Yiu Loretta K, Watson Duane G
Department of Psychology, University of Illinois at Urbana-Champaign, 603 E Daniel St., Champaign, IL, 61820, USA.
Psychon Bull Rev. 2015 Dec;22(6):1701-8. doi: 10.3758/s13423-015-0828-1.
Some accounts of acoustic reduction propose that variation in word duration is a reflection of the speaker's internal production processes, but it is unclear why lengthening within a word benefits planning. The present study examines whether variability in word length is partly attributable to phonological encoding. In an event-description task, speakers produced words with longer durations when the word shared part of its phonology with a previously articulated word than when it did not. More importantly, lengthening was greater when the overlap was word-initial than when it was word-final.
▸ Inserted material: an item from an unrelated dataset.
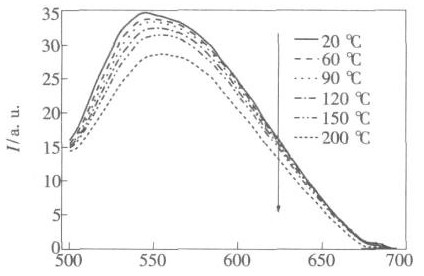 温度对荧光粉的发光波长的影响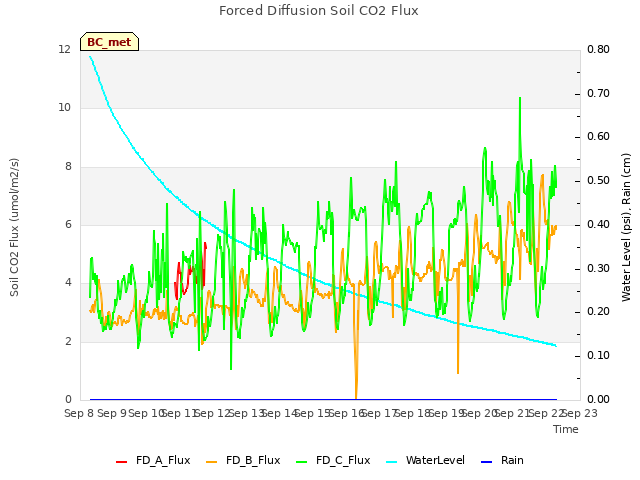 plot of Forced Diffusion Soil CO2 Flux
These differences in duration are in line with predictions of serial phonological competition models, which claim that words that overlap in onsets create more competition than words that overlap in offsets and are thus more difficult to produce. That word duration is sensitive to differences in production difficulty suggests a link between speakers' duration choices and phonological encoding. We propose that lengthening provides the production system with the necessary processing time to produce a word's sounds.
一些关于语音减少的描述认为,单词时长的变化反映了说话者内部的生成过程,但尚不清楚单词内部的延长为何有助于规划。本研究考察了单词长度的变化是否部分归因于音系编码。在一个事件描述任务中,当一个单词与之前说出的单词共享部分音系时,说话者说出该单词的时长会比不共享时更长。更重要的是,当重叠部分位于单词开头时的延长程度大于位于单词结尾时。这些时长上的差异与串行音系竞争模型的预测一致,该模型认为在起始部分重叠的单词比在结尾部分重叠的单词产生的竞争更多,因此更难生成。单词时长对生成难度差异敏感,这表明说话者的时长选择与音系编码之间存在联系。我们认为延长为生成系统提供了发出单词声音所需的处理时间。